More than 1,700 people in Guinea have so far died from Ebola, and the number of cases has remained stubbornly persistent in recent weeks. “There is no discernible upward or downward trend in the country,” the World Health Organization’s most recent report said.

Yet a key measure to stop the spread of the disease is well known: contact tracing.

An infected person can transmit the virus as soon as he or she develops symptoms, which can happen at any point within the disease’s 21-day incubation period. Contact tracers are tasked with finding all the people who have been in contact with an Ebola-infected person, and then monitoring their health for the full incubation period.

If one of the "contacts" begins to display Ebola symptoms, he or she is reported to health officials. Rapid identification, isolation and care of Ebola patients can help curtail the epidemic.

Accelerating the process

But the traditional method of contact tracing has proved to be laborious.

During their daily visits with the contacts, tracers take notes on paper forms, which have to be collected and then sent to Guinea’s National Coordination Unit, the Ministry of Health body addressing the epidemic.
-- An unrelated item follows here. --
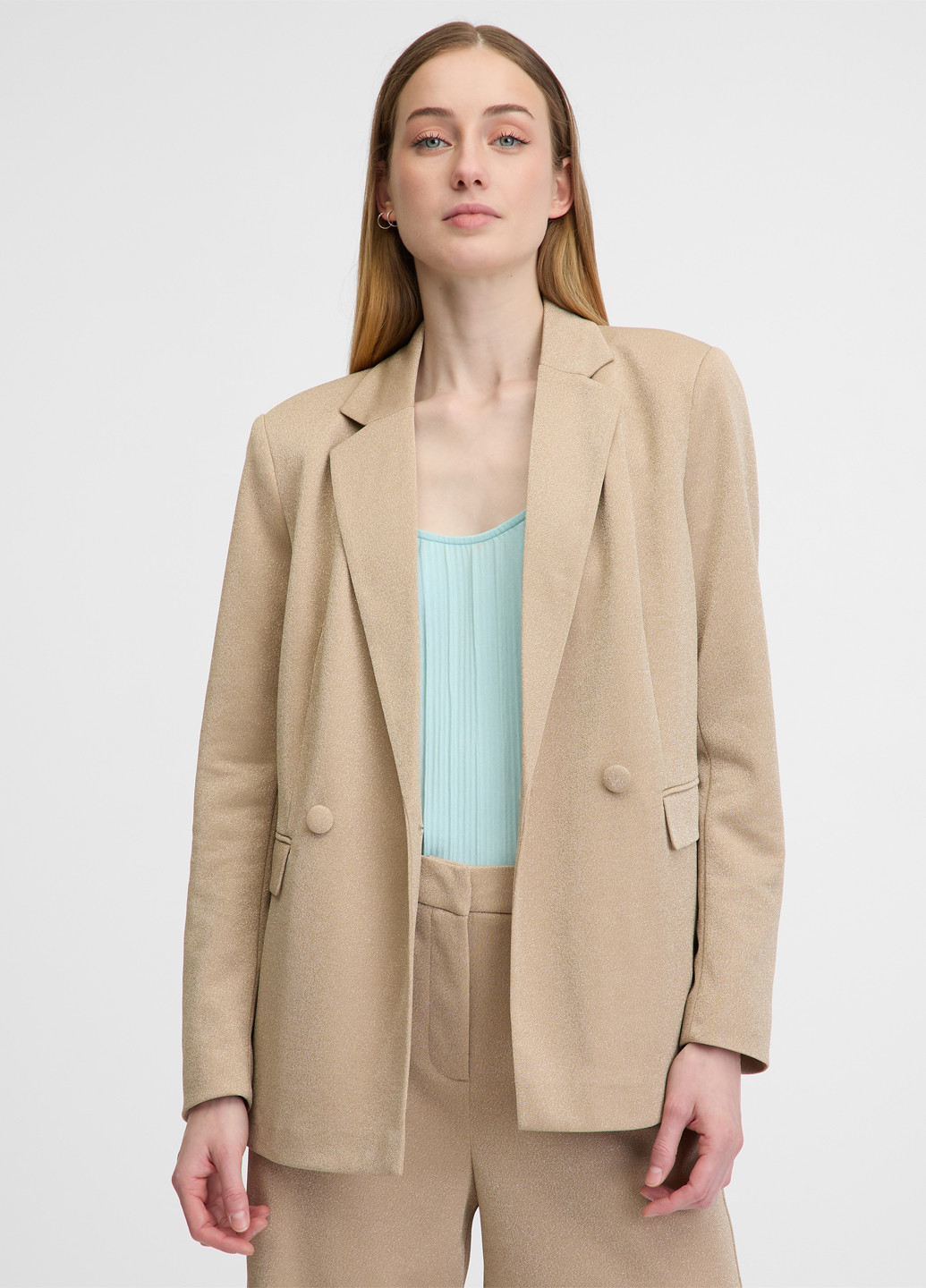 Бежевый женский жакет Orsay однотонный - демисезонный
By contrast, the newly deployed mobile app uses “CommCare” software that allows tracers to report their observations in real time, enabling a swifter response by local and national health officials. And in areas without formal addresses, the app allows contacts’ locations to be geotagged, facilitating quicker follow-up by health workers. 

Fatoumata Diallo, a community health supervisor, at a training on how to use the app. © UNFPA Guinea

"Previously, contact tracing was done with data sheets,” said Alpha Sow Midiaou, a contact tracer in Conakry’s Sonfonia District. “We would go from house to house with writing material. Once the information was collected, we would give the sheets to the supervisors for typing and transferring to the [National] Coordination [Unit]. This process used to take two to three days.”
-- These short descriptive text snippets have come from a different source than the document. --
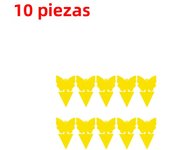 10-50pcs Strong Sticky Fly Pest Traps Bugs Plant Insect Catcher Dual-Sided Sticky Board Pest Control Catcher for Outdoor Garden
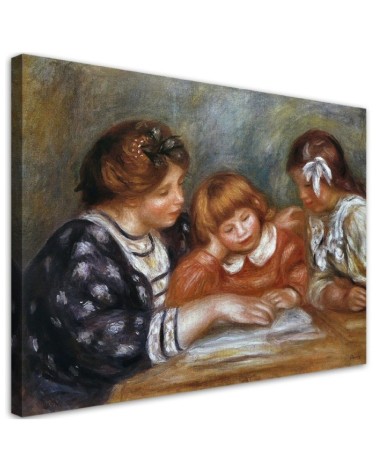 Leinwandbild modern - Unterrichtsstunde - Auguste Renoir | Feeby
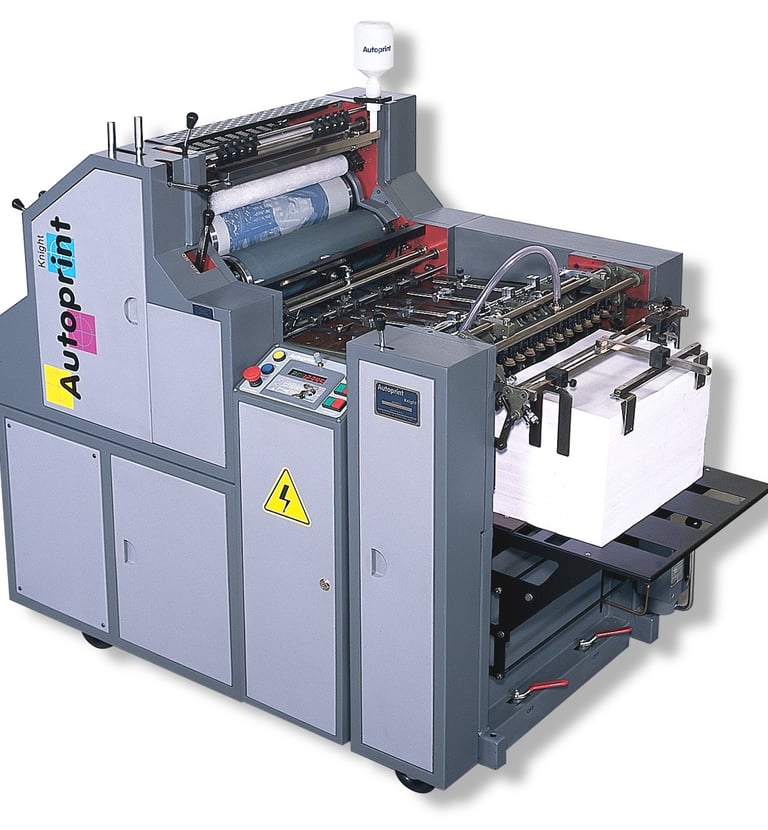 Offset printing machine used for high-quality commercial printing at Sgre Printers Bengaluru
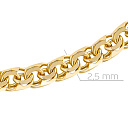 Цепь ручной работы из желтого золота, плетение бисмарк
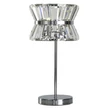 Veioza Searchlight UPTOWN metal, cristal, crom, transparent, G9 - EU59411-2CC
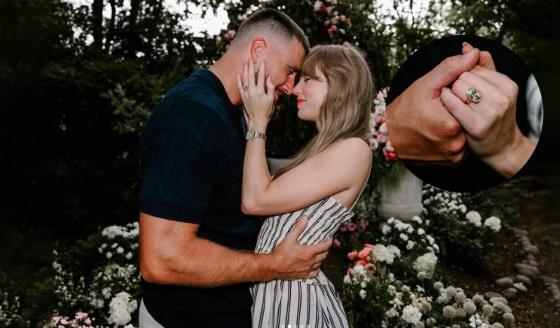 ¡Dijo sí! Taylor Swift y Travis Kelce se casarán
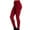 Red, variant on QIPOPIQ Jeans for Women Clearance Leisure Fashion Street Fashion Women's Wear Sexy Solid Color Slim Stretch Pants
Sometimes, he noted, they would run out of forms and have to scramble to find paper.

The new app eliminates these delays. "A phone with CommCare provides considerable time saving," Mr. Midiaou said. “I am currently tracing 18 contacts, and I could save them easily with the application.”

The app also offers an intuitive way for younger contact tracers to communicate. “Using phones is more convenient for us as young people,” Mr. Midiaou added.


The CommCare app is being deployed through a partnership between the Earth Institute at Columbia University, UNFPA and Guinea’s National Coordination Unit. 

In mid-November, UNFPA began training contact tracers to use smartphones loaded with app. By late December, 158 tracers in the prefectures of Conakry, Coyah and Dubreka had been trained, and over 2,000 contacts had been registered with the app.

Over time, the app’s ability to gather and instantly relay critical health information could play a role in restoring health systems that have been devastated by the epidemic, say health experts. The technology has been used to collect information on a range of health issues, including maternal and child mortality.

Officials plan to next deploy the app in Sierra Leone, which has had the highest number of Ebola cases of any country.

In addition to providing technical support, UNFPA is also monitoring the app’s roll-out. Since the start of the Ebola outbreak, UNFPA has trained thousands of contact tracers in the three worst-affected countries. And on 30 December, UNFPA donated over $1 million worth of equipment to support the Government of Guinea’s fight against Ebola, including kits for Ebola survivors and pregnant women, as well as motorcycles and bicycles to facilitate contact tracing.